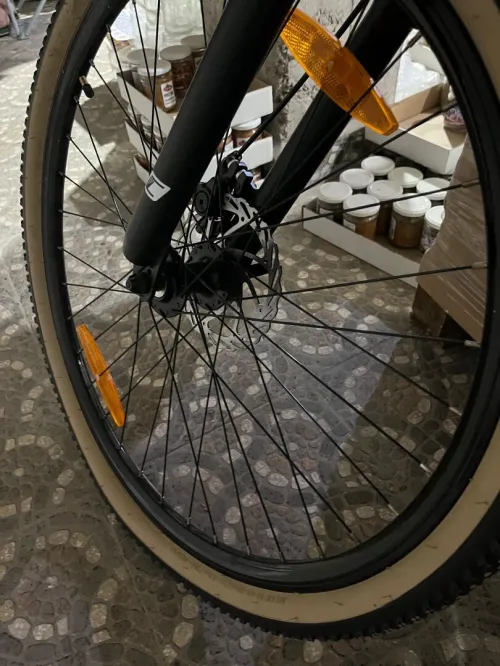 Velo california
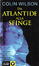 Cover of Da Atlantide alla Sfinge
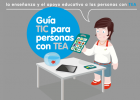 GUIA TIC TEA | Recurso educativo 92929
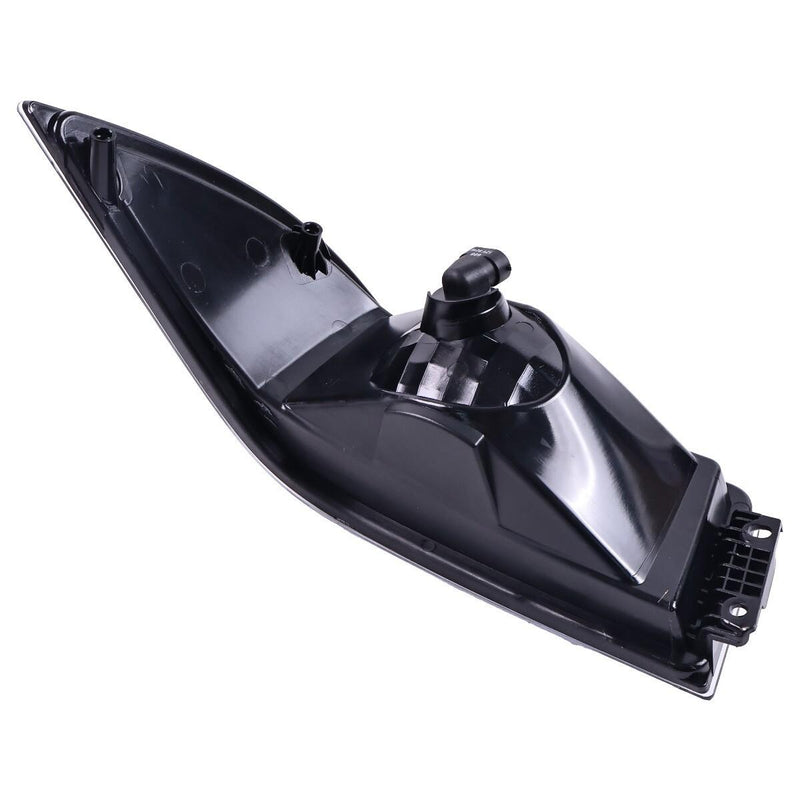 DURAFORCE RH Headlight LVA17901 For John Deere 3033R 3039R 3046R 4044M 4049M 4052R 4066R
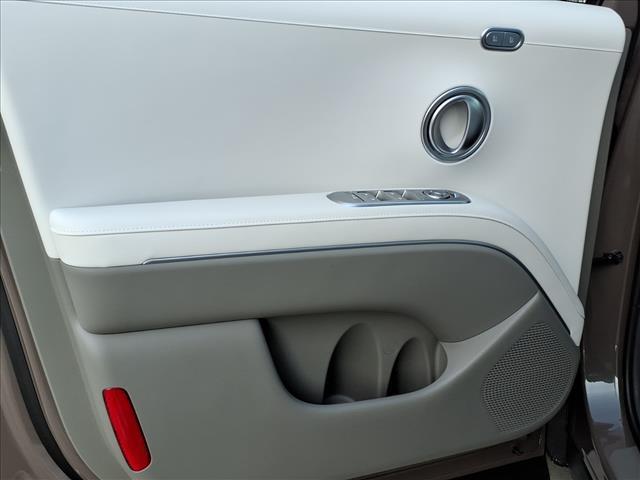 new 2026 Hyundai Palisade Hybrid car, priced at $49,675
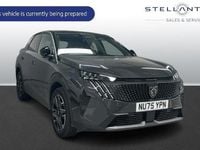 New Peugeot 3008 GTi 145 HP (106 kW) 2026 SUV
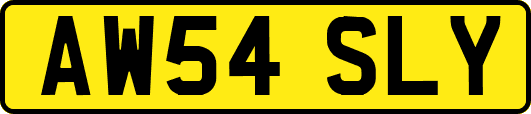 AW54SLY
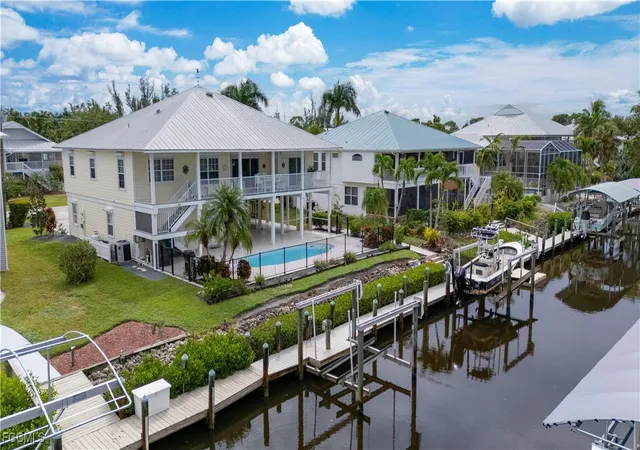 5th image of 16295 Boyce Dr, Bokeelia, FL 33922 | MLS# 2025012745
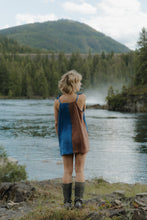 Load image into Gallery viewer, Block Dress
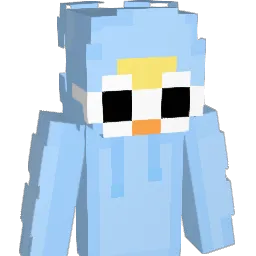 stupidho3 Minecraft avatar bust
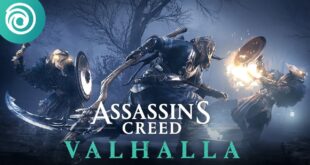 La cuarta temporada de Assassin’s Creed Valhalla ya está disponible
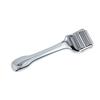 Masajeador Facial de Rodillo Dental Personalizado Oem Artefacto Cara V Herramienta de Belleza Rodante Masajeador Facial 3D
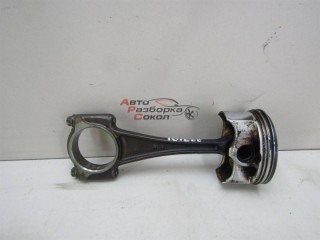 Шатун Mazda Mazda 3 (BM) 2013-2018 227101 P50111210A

**What you have to do:** Pick up at the line containing "5th image of" and copy each line exactly until the data ends, including that last line; copy no pictures.

**Result of this task:**
 5th image of 16295 Boyce Dr, Bokeelia, FL 33922 | MLS# 2025012745
 Load image into Gallery viewer, Block Dress
 stupidho3 Minecraft avatar bust
 La cuarta temporada de Assassin’s Creed Valhalla ya está disponible
 Masajeador Facial de Rodillo Dental Personalizado Oem Artefacto Cara V Herramienta de Belleza Rodante Masajeador Facial 3D
 Шатун Mazda Mazda 3 (BM) 2013-2018 227101 P50111210A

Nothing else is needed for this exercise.